§ WHAT IS EXPECTED: List each line of the data that holds the word "Louis".

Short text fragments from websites
----------
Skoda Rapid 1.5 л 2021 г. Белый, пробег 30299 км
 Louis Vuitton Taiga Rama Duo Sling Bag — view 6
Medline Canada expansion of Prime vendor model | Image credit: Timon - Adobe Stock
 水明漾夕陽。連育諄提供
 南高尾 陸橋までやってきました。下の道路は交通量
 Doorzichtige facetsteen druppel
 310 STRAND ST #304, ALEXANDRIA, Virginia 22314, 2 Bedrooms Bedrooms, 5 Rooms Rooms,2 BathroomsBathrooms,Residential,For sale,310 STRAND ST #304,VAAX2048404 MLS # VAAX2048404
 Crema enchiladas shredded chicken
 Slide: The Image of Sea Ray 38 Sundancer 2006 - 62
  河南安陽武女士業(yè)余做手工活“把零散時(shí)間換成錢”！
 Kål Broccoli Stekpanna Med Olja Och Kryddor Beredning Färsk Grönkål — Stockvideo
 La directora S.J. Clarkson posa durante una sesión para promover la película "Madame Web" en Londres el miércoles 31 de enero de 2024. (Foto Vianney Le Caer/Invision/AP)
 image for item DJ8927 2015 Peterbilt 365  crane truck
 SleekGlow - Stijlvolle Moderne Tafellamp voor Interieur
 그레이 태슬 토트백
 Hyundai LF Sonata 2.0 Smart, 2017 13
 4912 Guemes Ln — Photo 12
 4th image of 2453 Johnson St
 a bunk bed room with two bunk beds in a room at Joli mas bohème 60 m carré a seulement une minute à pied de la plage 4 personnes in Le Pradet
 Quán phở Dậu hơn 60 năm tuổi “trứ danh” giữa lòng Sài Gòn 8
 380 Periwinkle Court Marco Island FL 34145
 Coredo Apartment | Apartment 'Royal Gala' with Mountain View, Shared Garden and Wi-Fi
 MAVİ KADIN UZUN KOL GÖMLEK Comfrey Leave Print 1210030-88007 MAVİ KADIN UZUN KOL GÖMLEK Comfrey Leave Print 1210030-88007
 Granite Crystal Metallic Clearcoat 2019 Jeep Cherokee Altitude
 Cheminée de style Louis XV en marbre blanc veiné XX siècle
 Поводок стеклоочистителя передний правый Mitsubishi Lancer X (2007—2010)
----------
§ ANSWER BOX:
 Louis Vuitton Taiga Rama Duo Sling Bag — view 6
 Cheminée de style Louis XV en marbre blanc veiné XX siècle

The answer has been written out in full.